===== INFORMATION =====
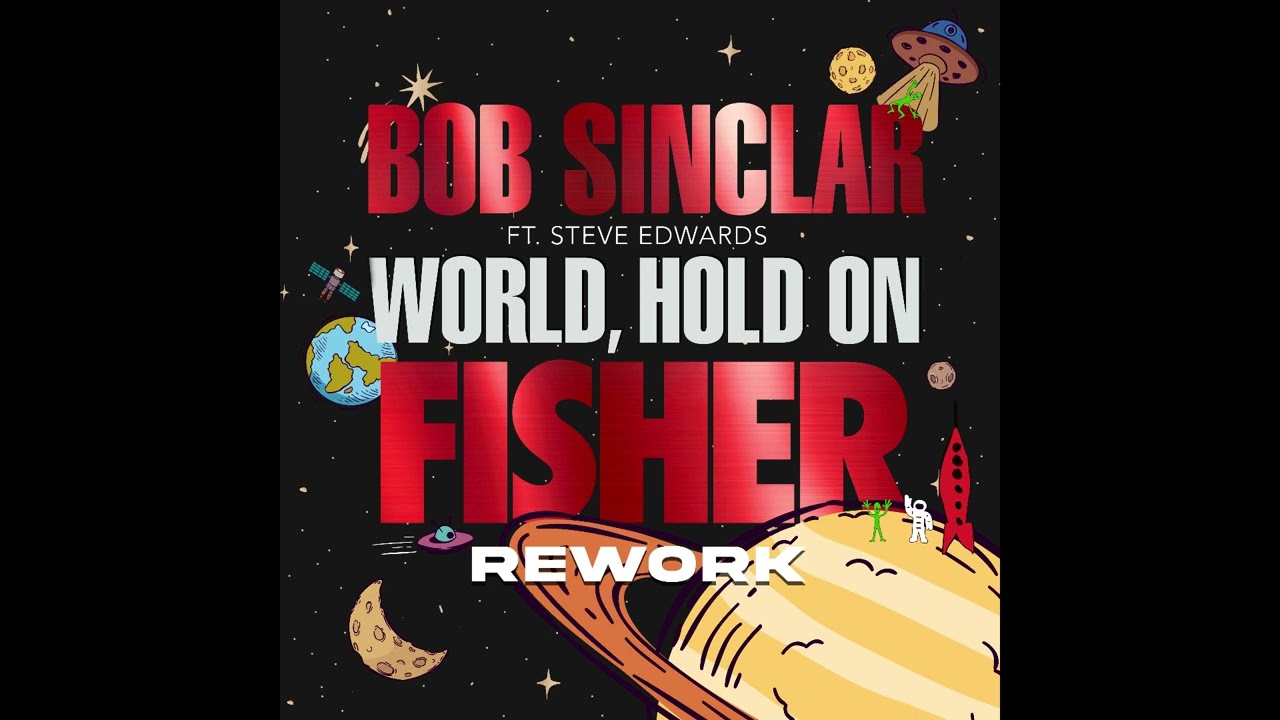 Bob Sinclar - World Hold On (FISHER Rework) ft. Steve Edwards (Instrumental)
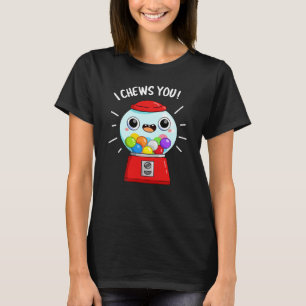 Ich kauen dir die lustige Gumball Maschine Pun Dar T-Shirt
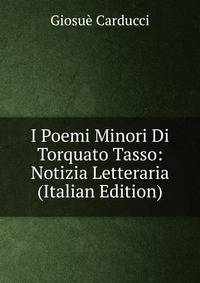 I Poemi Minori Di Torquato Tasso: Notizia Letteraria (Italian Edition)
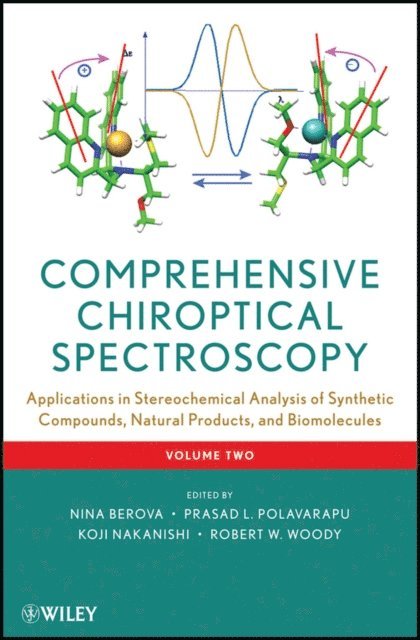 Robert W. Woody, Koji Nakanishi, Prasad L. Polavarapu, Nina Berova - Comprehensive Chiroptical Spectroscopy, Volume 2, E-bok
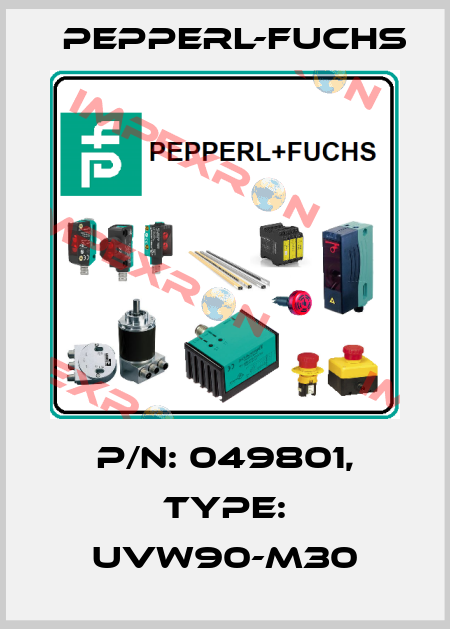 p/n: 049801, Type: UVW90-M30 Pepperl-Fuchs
=====
* WORK REQUEST: Could you output the full set of entries exactly, skipping every picture?

* ANSWER TO THIS EXERCISE:
 Bob Sinclar - World Hold On (FISHER Rework) ft. Steve Edwards (Instrumental)
 Ich kauen dir die lustige Gumball Maschine Pun Dar T-Shirt
 I Poemi Minori Di Torquato Tasso: Notizia Letteraria (Italian Edition)
 Robert W. Woody, Koji Nakanishi, Prasad L. Polavarapu, Nina Berova - Comprehensive Chiroptical Spectroscopy, Volume 2, E-bok
 p/n: 049801, Type: UVW90-M30 Pepperl-Fuchs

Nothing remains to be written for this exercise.